| Exercise directions |
Reproduce every line below exactly as written; do not include the images.

| Supplied information |
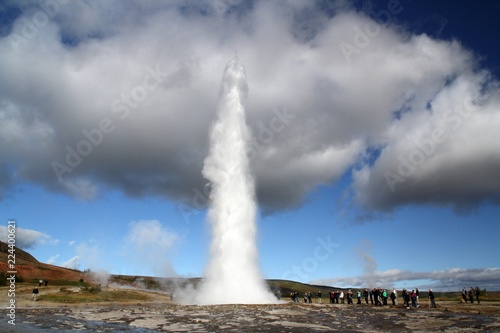 Secuencia de explosión del Geysir Strokkur en Islandia con turistas fotografiandolo que dan idea de la escala.
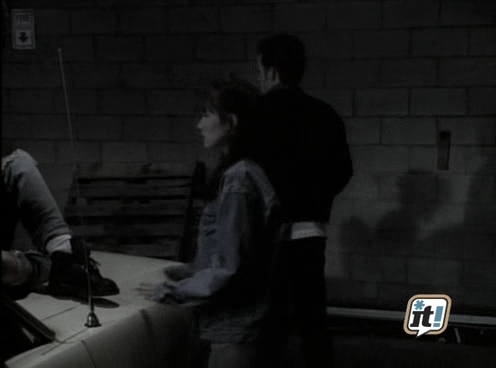 charmed-online_dot_nl-BeverlyHills90210-2x15-1710.jpg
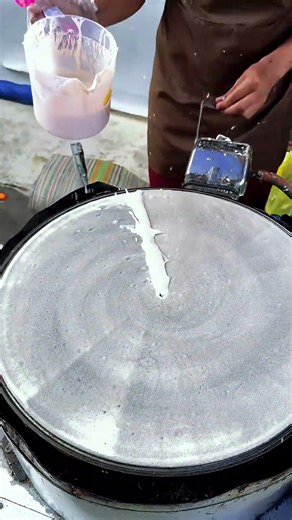 Food molding tool used on frying pan for uniform cooking shapes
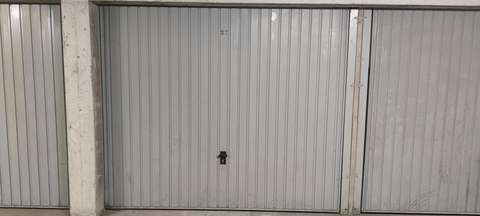 Garage en sous-sol sécurisé à Valence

| Task solution |
 Secuencia de explosión del Geysir Strokkur en Islandia con turistas fotografiandolo que dan idea de la escala.
 charmed-online_dot_nl-BeverlyHills90210-2x15-1710.jpg
 Food molding tool used on frying pan for uniform cooking shapes
 Garage en sous-sol sécurisé à Valence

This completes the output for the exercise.